→ Try it: After removing every image, reproduce the data exactly as it appears.

→ Data for the task:
· · ·
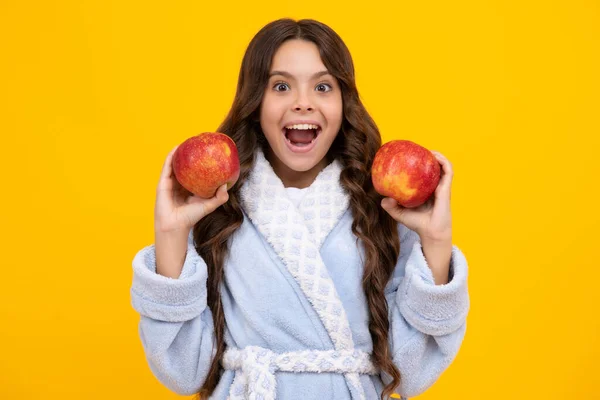 stock image Fresh fruit. Teenager girl hold apples on yellow isolated studio background. Child nutrition. Amazed teen girl. Excited expression, cheerful and glad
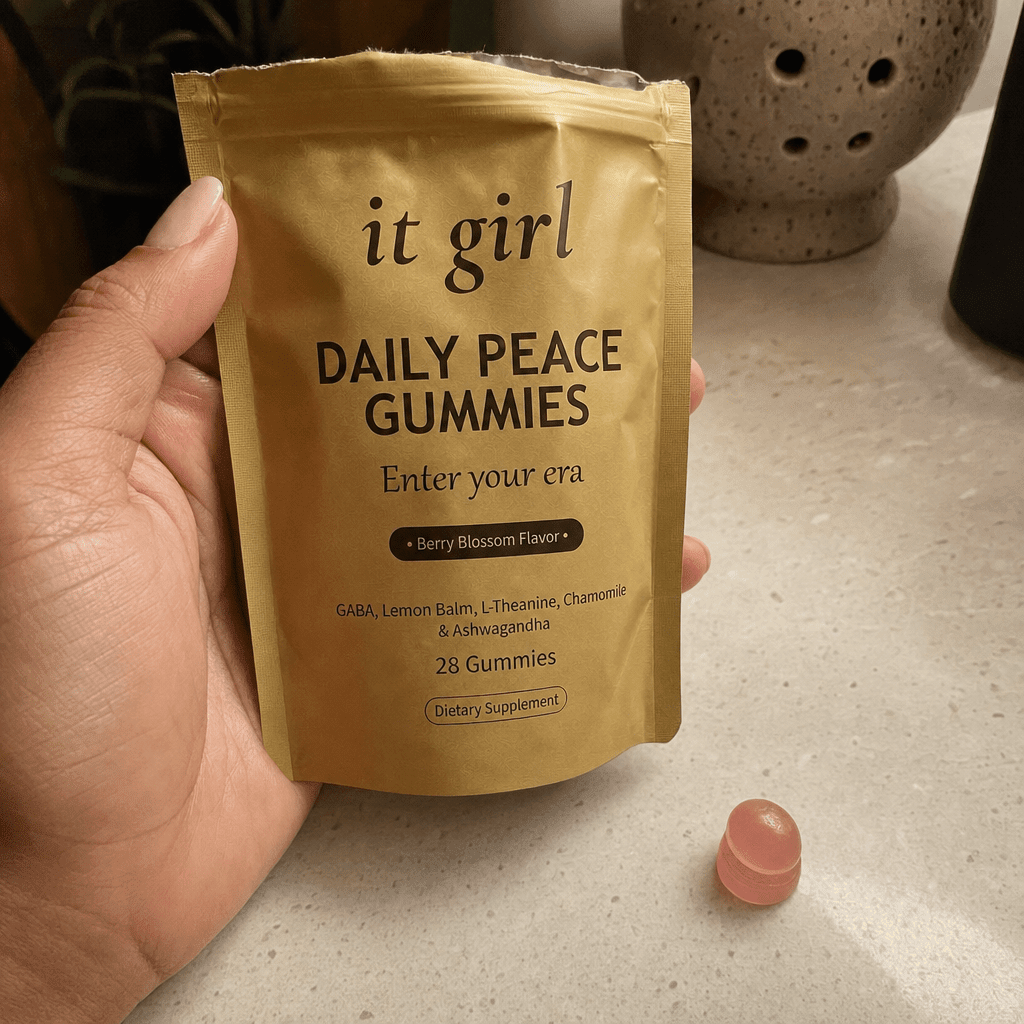 A hand holding the real opened gold It Girl Daily Peace pouch turned to show the legible front label, a pink gummy beside it, the studied doses named on the front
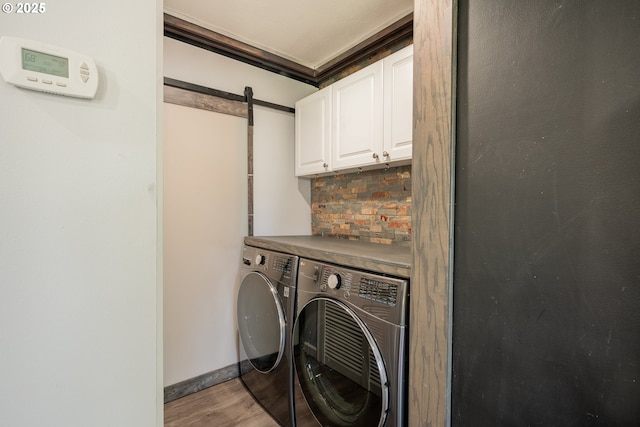 laundry area with cabinet space, washer and clothes dryer, wood finished floors, a barn door, and baseboards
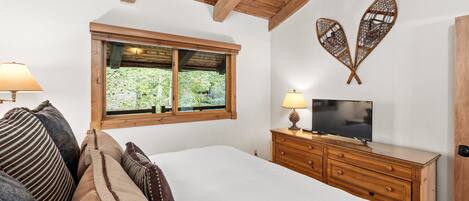 Un dormitorio con techo de madera, una cama con numerosas almohadas, un televisor sobre un aparador de madera y una ventana con vistas a zonas verdes.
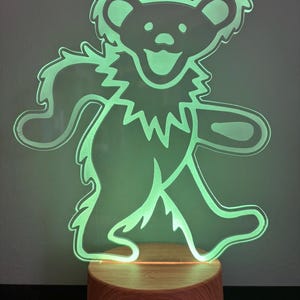 May include: A green glowing acrylic bear silhouette on a wooden base. The bear is walking with its arms outstretched and has a smiling face.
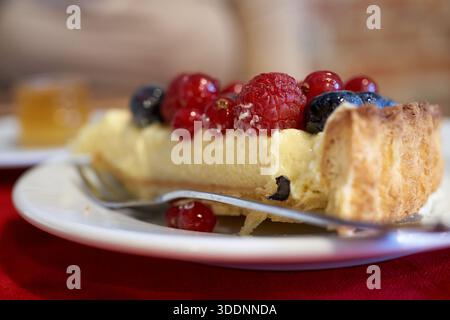 Gros plan d'une tranche de cheesecake garnie de framboises, de groseilles rouges et de myrtilles sur une assiette blanche, cadre dessert de café. Banque D'Images
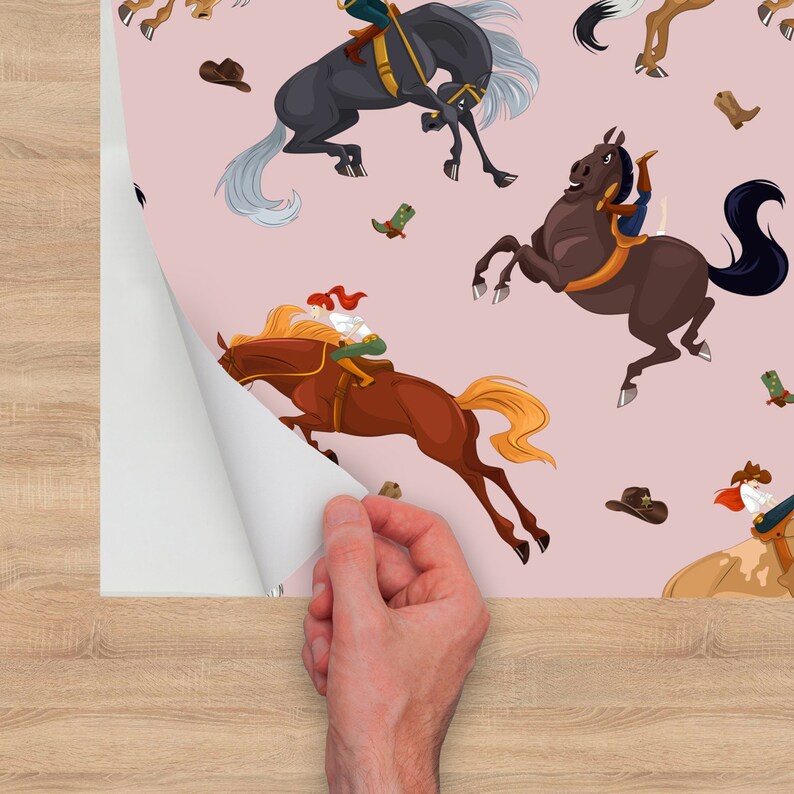 Peut inclure: Fond rose avec un motif r&eacute;p&eacute;t&eacute; de chevaux de dessin anim&eacute; et de cavaliers. Les chevaux sont bruns, noirs et blancs. Les cavaliers portent des v&ecirc;tements color&eacute;s. Il y a aussi quelques chapeaux de cow-boy et des bottes &eacute;parpill&eacute;es.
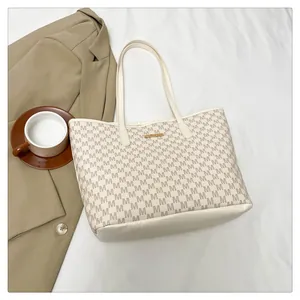 Macro view of beige tote bag featuring letter print and gold metal logo plaque detail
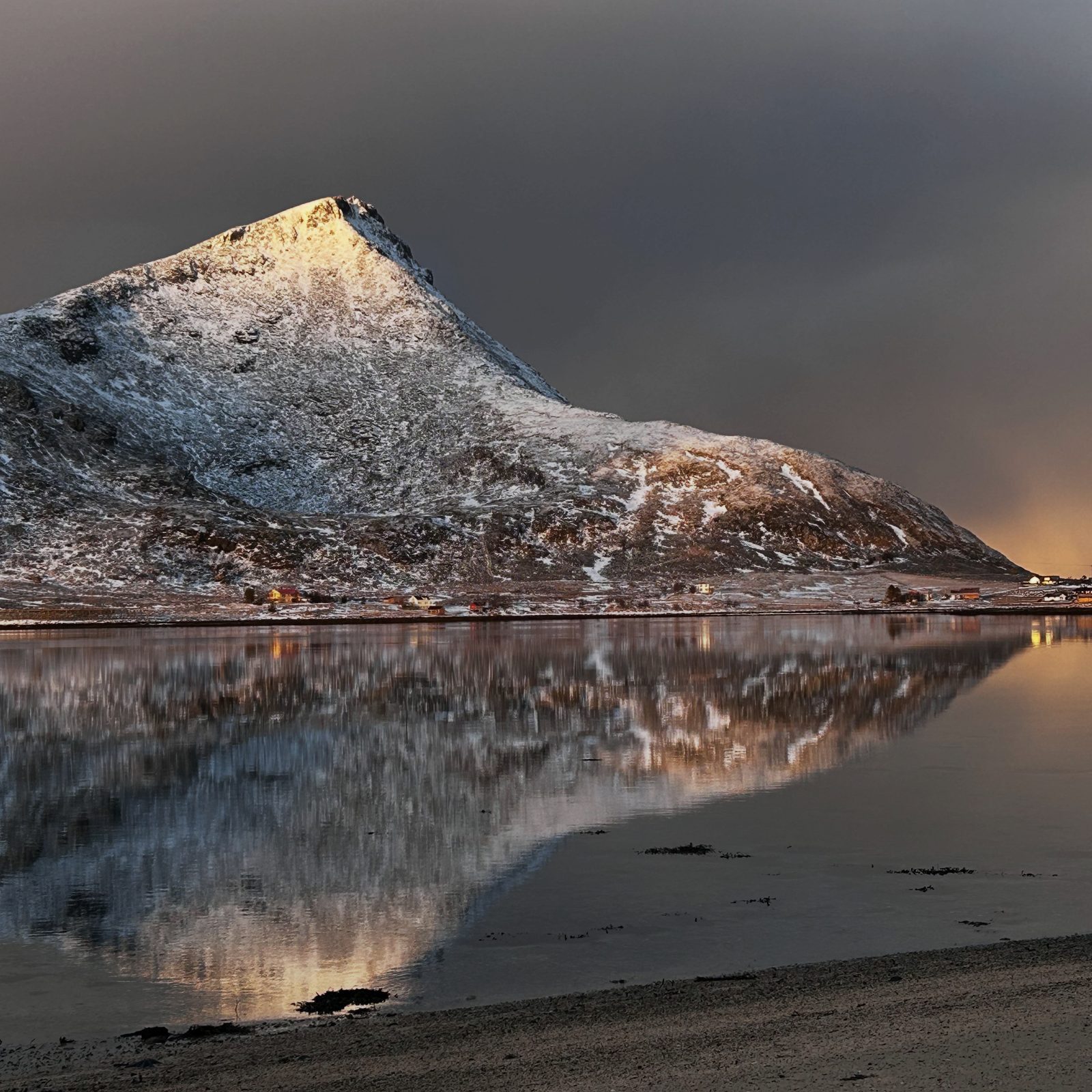 Volandstind in low winter sun, mirrored in the fjord.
· · ·
→ Exercise result:
 stock image Fresh fruit. Teenager girl hold apples on yellow isolated studio background. Child nutrition. Amazed teen girl. Excited expression, cheerful and glad
 A hand holding the real opened gold It Girl Daily Peace pouch turned to show the legible front label, a pink gummy beside it, the studied doses named on the front
 laundry area with cabinet space, washer and clothes dryer, wood finished floors, a barn door, and baseboards
 Un dormitorio con techo de madera, una cama con numerosas almohadas, un televisor sobre un aparador de madera y una ventana con vistas a zonas verdes.
 May include: A green glowing acrylic bear silhouette on a wooden base. The bear is walking with its arms outstretched and has a smiling face.
 Gros plan d'une tranche de cheesecake garnie de framboises, de groseilles rouges et de myrtilles sur une assiette blanche, cadre dessert de café. Banque D'Images
 Peut inclure: Fond rose avec un motif r&eacute;p&eacute;t&eacute; de chevaux de dessin anim&eacute; et de cavaliers. Les chevaux sont bruns, noirs et blancs. Les cavaliers portent des v&ecirc;tements color&eacute;s. Il y a aussi quelques chapeaux de cow-boy et des bottes &eacute;parpill&eacute;es.
 Macro view of beige tote bag featuring letter print and gold metal logo plaque detail
 Volandstind in low winter sun, mirrored in the fjord.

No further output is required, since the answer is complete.